When it comes time to take out a loan, you will need to consider many factors. The loan may be for a new car or for a home remodeling project. No matter what it is for, you will need to consider the interest rate and any possible prepayment penalties that come with the loan. While it may seem daunting at first to think about these specialized terms – after all, you’re busy planning to build a new deck – they are easier to understand if you think about one pro and con of each.
Higher Interest Rates
Pro: It’s Quick and Easy
The facilitation of higher interest rate loans usually happens quickly since there is not an extensive background check. Think of the higher interest rate as a form of payment for this convenience. In the same way that a convenience store charges for an expedited shopping experience, a higher interest rate loan will charge for its quick and easy process. On the plus side, you will quickly have the needed funds in your hands.

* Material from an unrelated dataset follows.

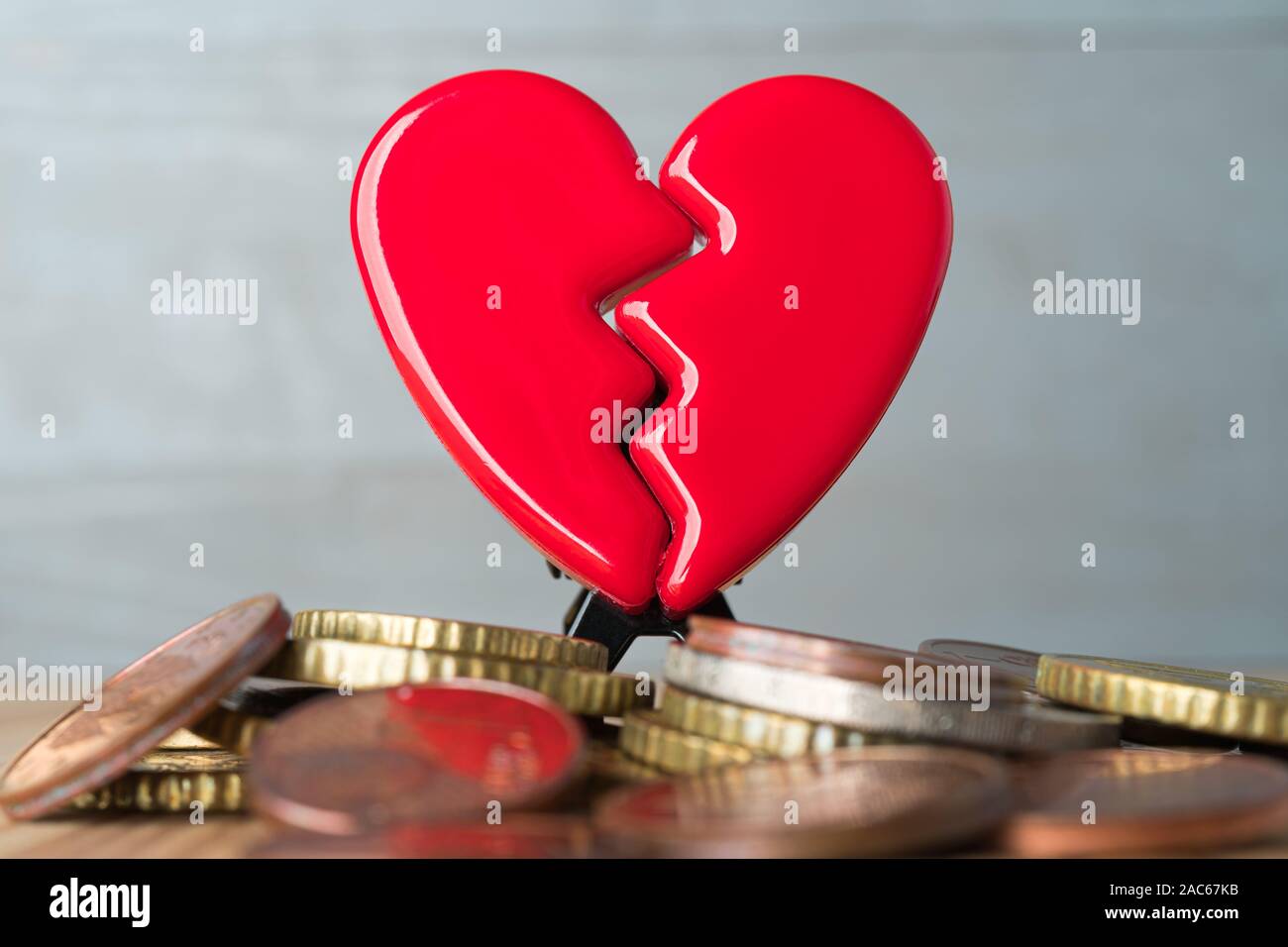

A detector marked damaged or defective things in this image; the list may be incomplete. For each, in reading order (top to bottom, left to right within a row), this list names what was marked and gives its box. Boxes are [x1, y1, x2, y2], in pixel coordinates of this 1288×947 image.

broken red heart [353, 66, 951, 614]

Con: Repay More Money Later
When you need money quickly – think of a hard money loan – the tradeoff is that you may need to pay more back later. This is an individual decision. With any loan, interest will be a factor. You will need to consider how much interest you could afford and factor in the entire cost of the loan – including the interest. If receiving the money quickly without an extensive credit check is advantageous then the higher interest rate will be something that you will need to accept.
Lower Prepayment Penalties
Pro: Saves Money on the Long Run
When you prepay on your loan, you will save money in the long run, since you will be sidestepping the added interest on the credit. By prepaying, you are literally cutting the loan’s lifespan down. With a lower prepayment penalty, you will not be as taxed for this prepayment but the penalty is still a factor. In addition, a lower prepayment penalty will help you build equity on the loan at a faster rate than over the full life of the loan.
Con: It Still Seems Like “Punishment”
Even if the prepayment penalty is lower than usual, this is not something you will be able to ignore. Therefore, you may feel that you have a sense that you are being “punished” by doing something good. After all, you’re doing something good by repaying the loan early, right? The answer here is yes and no. You have to understand that the lender is also a business – one that needs to make a profit. Therefore, by prepaying your loan, you are somehow short-circuiting this profit hence the penalty.
Understanding and comparing higher interest rates vs. lower prepayment penalties is not such a difficult task. The key is to be able to separate these two important terms along a pro and con on each side. After doing so, you will be able to better see which path you should take while obtaining your much needed credit.